Вояжер собирал свои чемоданы, которые рассовал по всему вагону, чтобы в случае контроля его не оштрафовали за лишний багаж. Вдоль дороги стали появляться люди. Илье было непонятно, почему они одеты бедно. Ему казалось, что в столице все должны жить хорошо. «А тут даже оборванные! Странно», — подумал он.
Поезд пошел медленнее. Наконец под окнами показалась асфальтированная площадка. На ходу в вагон вскакивали носильщики, стараясь выбрать себе пассажира, у которого побольше багажа. Один из них подошел к вояжеру. Постоянно разъезжая, вояжер имел «своего» носильщика.
Поезд остановился. Сразу стало невероятно шумно и тесно: все устремились к выходу, а в вагон проталкивались встречающие.
Илья вспомнил дорожные рассказы о столичных жуликах и украдкой нащупал в кармане старое отцовское портмоне, перетянутое резинкой.
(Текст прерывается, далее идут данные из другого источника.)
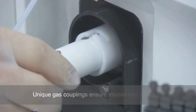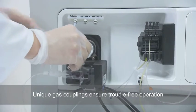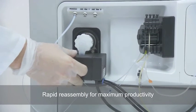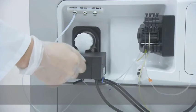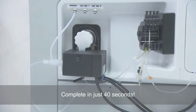Unique gas couplings integrated within the body of the torch holder ensure trouble-free operation. Rapid reassembly of the sample introduction system ensures maximum productivity — complete and ready for analysis in just 40 seconds.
На перроне было много народу. Все галдели, толкались. Илья остановился, но поток пассажиров подхватил его и понес. Воздух был насыщен запахом гари. «У нас в Болграде воздух совсем не такой…», — подумал Илья. Невольно он поднял голову и под самым куполом застекленной крыши вокзала прочел большую надпись: «Ресторан Бухарест-Северный».
Шум, возгласы встречающих, цветы, объятия и поцелуи хорошо одетых мужчин и женщин, выправка и блеск военных, — а их здесь было много, — все это новое и незнакомое отвлекло Илью от тягостных мыслей. В этой пестрой толпе, которая несла его, он чувствовал себя неуютно. В памяти безотчетно запечатлевались сценки: вот высокая женщина в пенсне, прижимая одной рукой огромный ридикюль, другой обнимает худенького чернявого юношу, видимо, сына, в курсантской форме. Вытирая слезы, она возмущается: «Вторая посылка затерялась! И как это ты ее не получил? Ведь выслала я еще на пасху! Это же просто как на большой дороге! Я буду жаловаться министру…»
Впереди шли, то и дело останавливаясь и мешая остальным, два хорошо одетых человека; они горячо спорили: «Векселя не могут пропасть. Они не имеют права наложить секвестр на товар! У нас есть гарантия…» — горячился один. Другой разводил руками и что-то возражал.
Из окна только что подошедшего к соседней платформе состава с вагонами, полированными под красное дерево, женщина в маленькой, грибком, шляпке махала рукой и пискливо кричала: «Трегер!» К ней кинулось несколько носильщиков. На висевшей под окном ее вагона белой эмалевой табличке Илья прочел: «Берлин — Прага — Бухарест».
«Неплохо бы прокатиться в таком поезде», — подумал он и в ту же минуту очутился перед невысокой оградой. По обеим сторонам выхода стояли два жандарма в черных блестящих касках, на которых, хищно распахнув крылья, красовались бронзовые орлы — символ могущества румынского государства; медная пряжка ремня была увенчана буквами «КК» (Карл второй). Они подозрительно оглядывали каждого проходившего. Когда жандарм скользнул по Илье своим рыбьим взглядом, ему показалось, будто ледяная рука схватила его за горло… Он тряхнул головой и шагнул шире… Жандармы остались позади. Перед ним лежала привокзальная площадь.